Vimes nodded gravely. 'We had Lady Selachii's son up before the Patrician last week,' said Vimes. 'Now, there's a lad who needs to learn that no doesn't mean yes please .'
'Could be, sir.'
'And then there was that business with Lord Rust's boy. You can't shoot servants for putting your shoes the wrong way round, you know. It's too messy. He'll have to learn right from left like the rest of us. And right from wrong, too.' 'I hear what you say, sir.' 'We seem to have reached an impasse,' said Vimes.
'It seems so, sir.'
Vimes aimed a lump at a small bronze and green dragon, which caught it expertly. The heat was getting intense.
'What I don't understand,' he said, 'is why you fellows mainly try it here or at the office. I mean, I walk around a lot, don't I? You could shoot me down in the street, couldn't you?'
'What? Like some common murderer, sir?' Vimes nodded. It was black and twisted, but the Assassins' Guild had honour of a sort. 'How much was I worth?'
'Twenty thousand, sir.' 'It should be higher,' said Vimes. 'I agree.' If the assassin got back to the guild it would be, Vimes thought. Assassins valued their own lives quite highly.
'Let me see now,' said Vimes, examining the end of his cigar. 'Guild takes fifty per cent. That leaves ten thousand dollars.'
The assassin seemed to consider this, and then reached up to his belt and tossed a bag rather clumsily towards Vimes, who caught it.
Vimes picked up his crossbow. 'It seems to me,' he said, 'that if a man were to be let go he might well make it to the door with no more than superficial burns. If he were fast. How fast are you?'
There was no answer.
'Of course, he'd have to be desperate,' said Vimes, wedging the crossbow on the feed table and taking a piece of cord out of his pocket. He lashed the cord to a nail and fastened the other end to the crossbow's string. Then, standing carefully to one side, he eased the trigger.

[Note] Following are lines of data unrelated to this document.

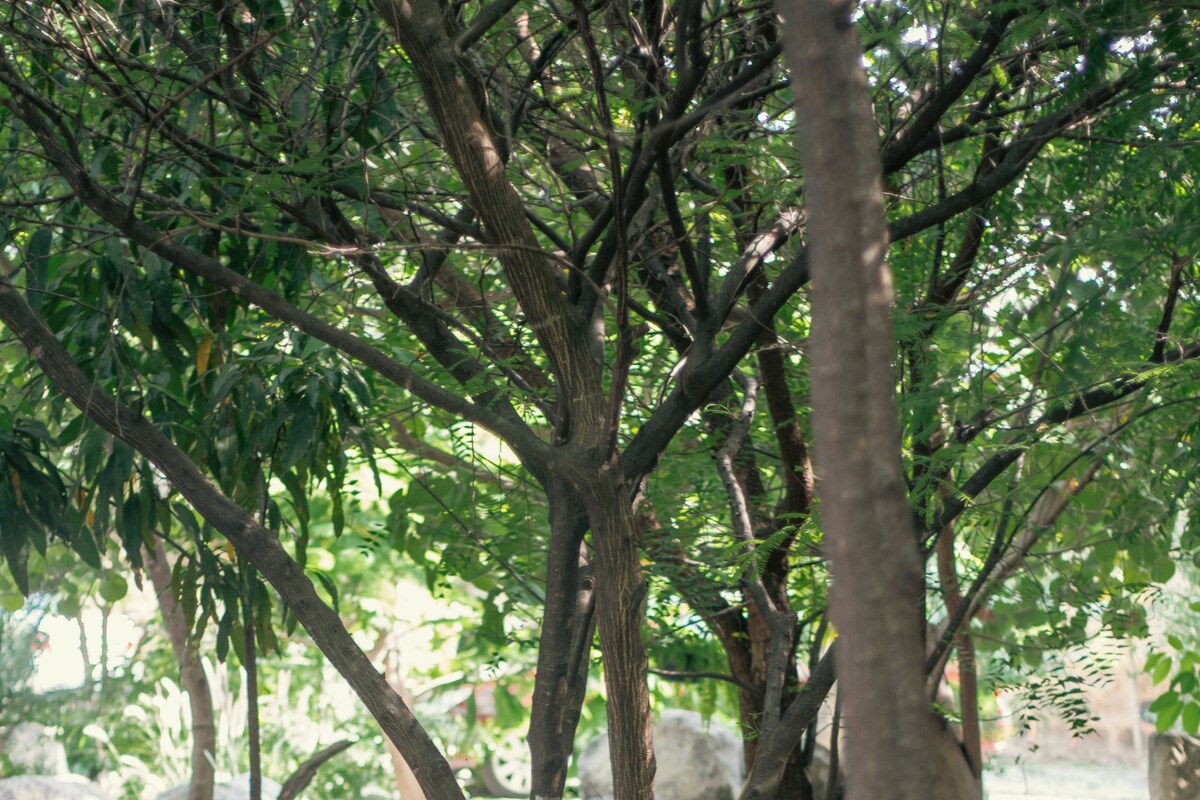 An outdoor seating area with metal chairs and a table, surrounded by trees and rocks.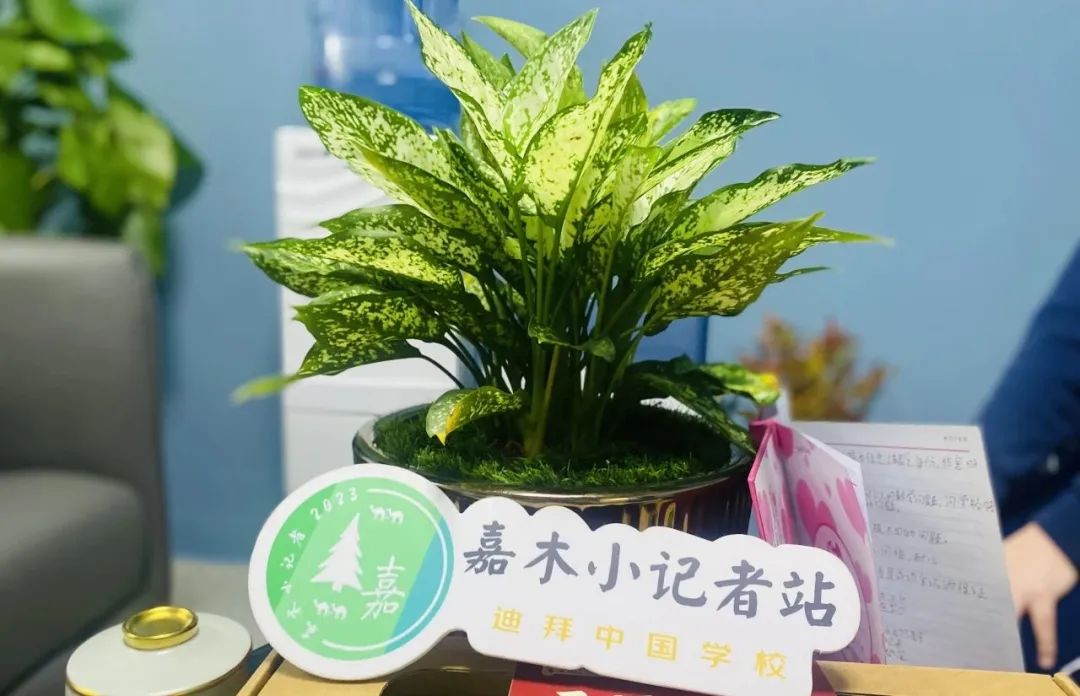 七十四载征途闪耀 异地迎贺国庆同欢嘉木小记者站国庆节特别报道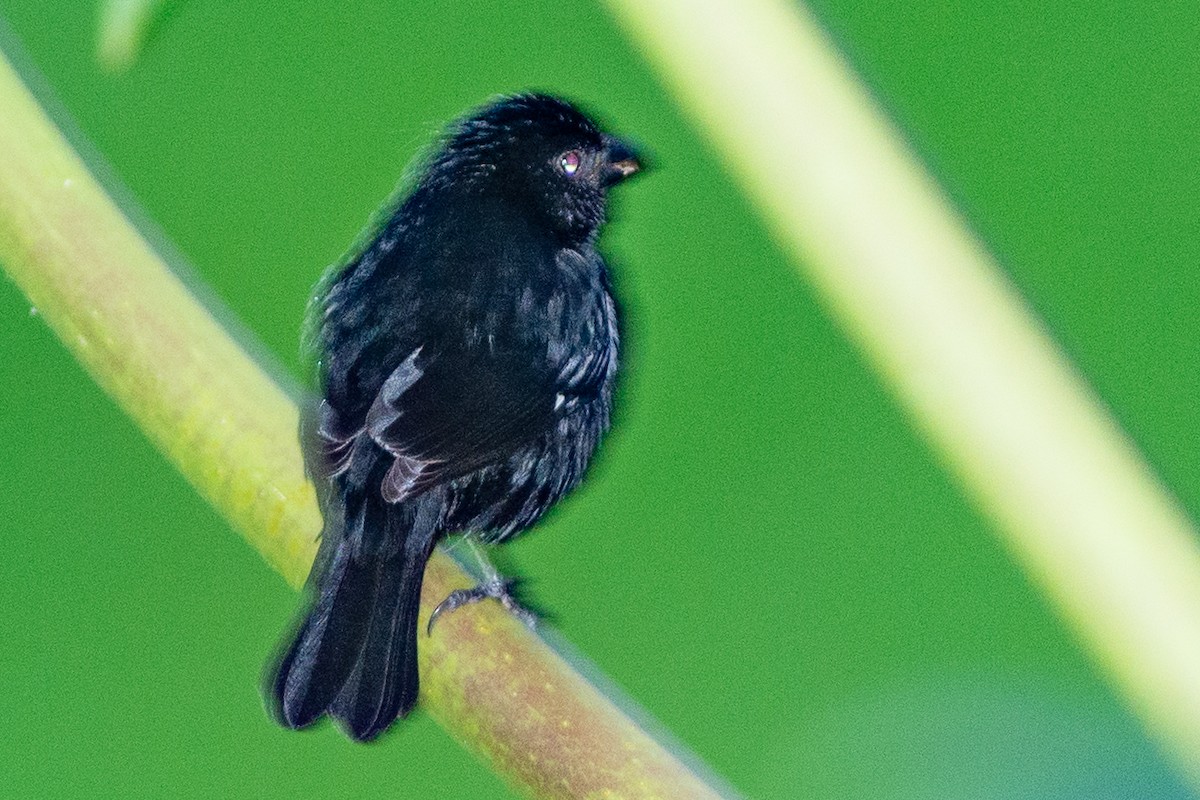 Variable Seedeater - ML642448858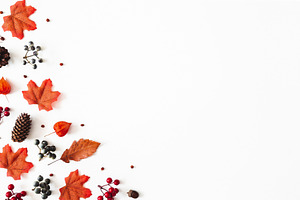 Autumn background containing autumn, background, and fall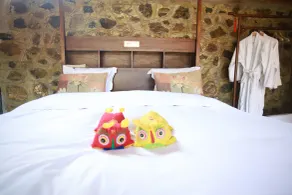 Beijing Shiguang Greatwall Boutique Inn - Camera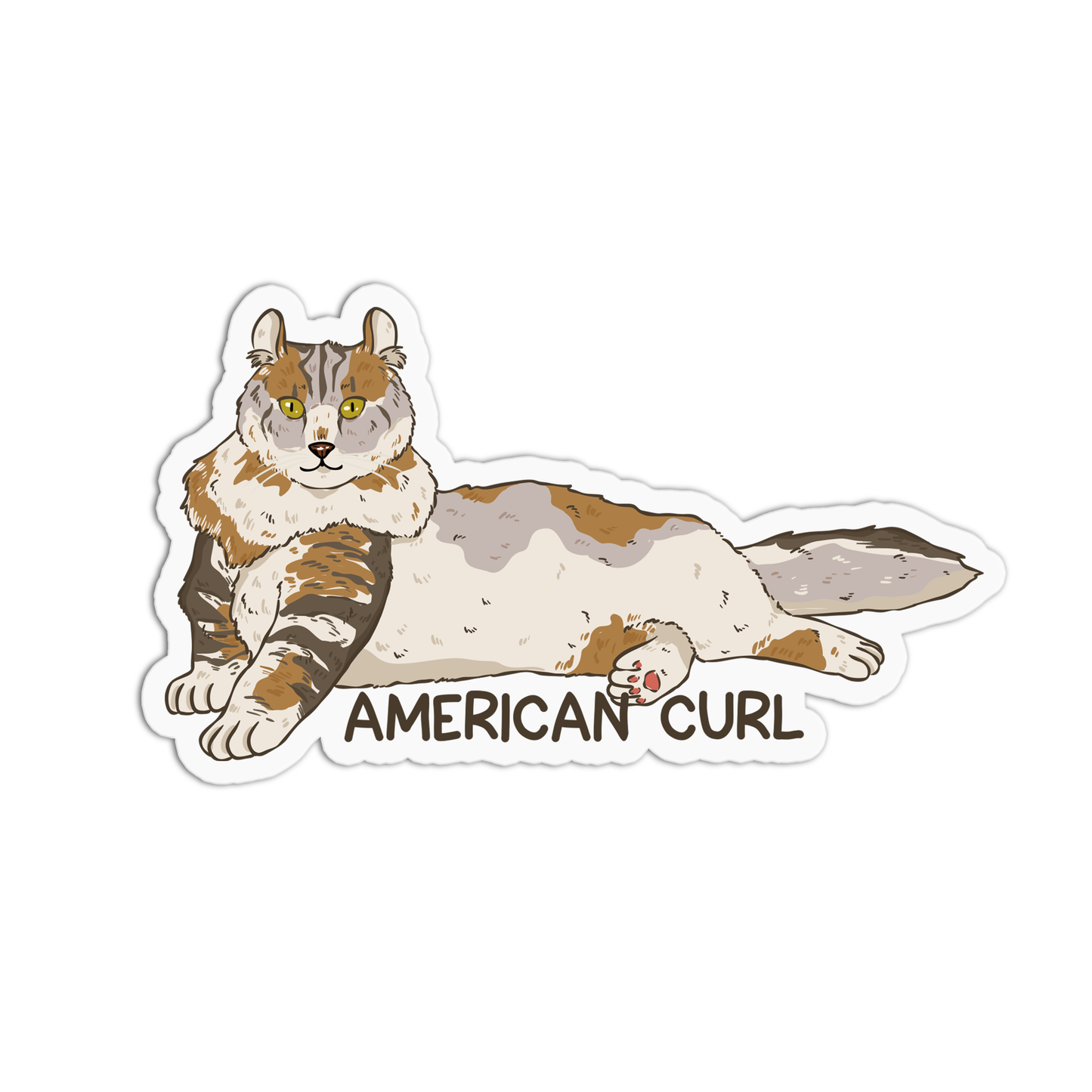 American Curl Cat Sticker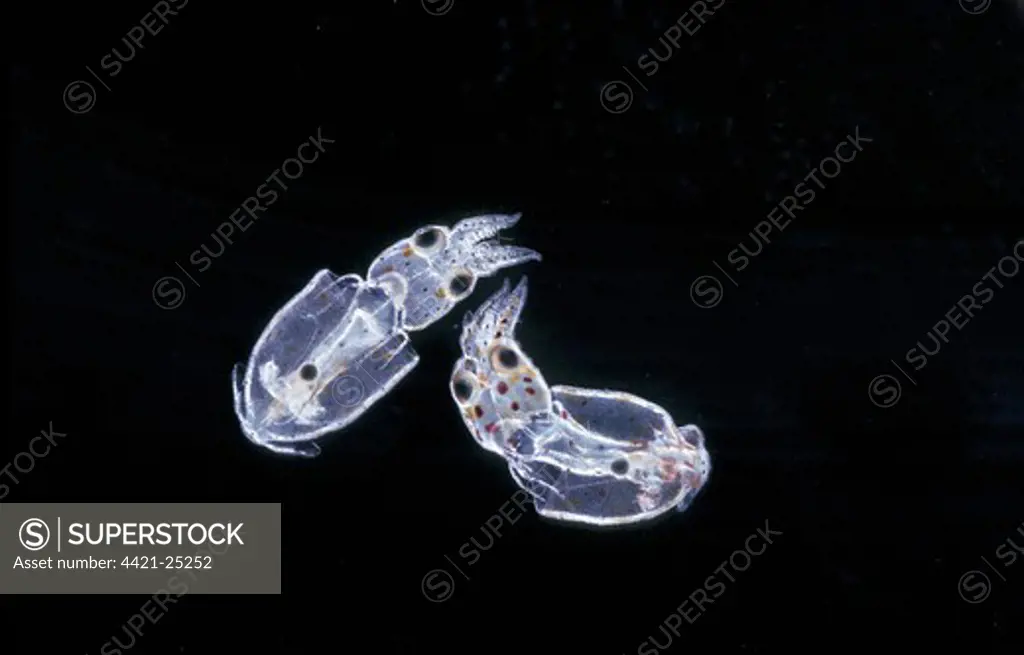 Dwarf Squid (Alloteuthis subulata) Young just hatched, x 3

The string moved very slightly.
The assassin, watching him upside down, seemed to have stopped breathing.
Vimes puffed at his cigar until the end was an inferno. Then he took it out of his mouth and leaned it against the restraining cord so that it would have just a fraction of an inch to burn before the string began to smoulder.
'I'll leave the door unlocked,' he said. 'I've never been an unreasonable man. I shall watch your career with interest.'
He tossed the rest of the coals to the dragons, and stepped outside.
It looked like being another eventful day in Ankh-Morpork, and it had only just begun.
As Vimes reached the house he heard a whoosh, a click, and the sound of someone running very fast towards the ornamental lake. He smiled.
Willikins was waiting with his coat. 'Remember you have an appointment with his lordship at eleven, Sir Samuel.'
'Yes, yes,' said Vimes.
'And you are to go and see the Heralds at ten. Her ladyship was very explicit, sir. Her exact words were, Tell him he's not to try to wriggle out of it again, sir.'
'Oh, very well.'
'And her ladyship said please to try not to upset anyone.'
'Tell her I'll try.'
'And your sedan chair is outside, sir.'
Vimes sighed. 'Thank you. There's a man in the ornamental lake. Fish him out and give him a cup of tea, will you? Promising lad, I thought.'
'Certainly, sir.'
The chair. Oh, yes, the chair. It had been a wedding present from the Patrician. Lord Vetinari knew that Vimes loved walking the streets of the city, and so it was very typical of the man that he presented him with something that did not allow him to do so.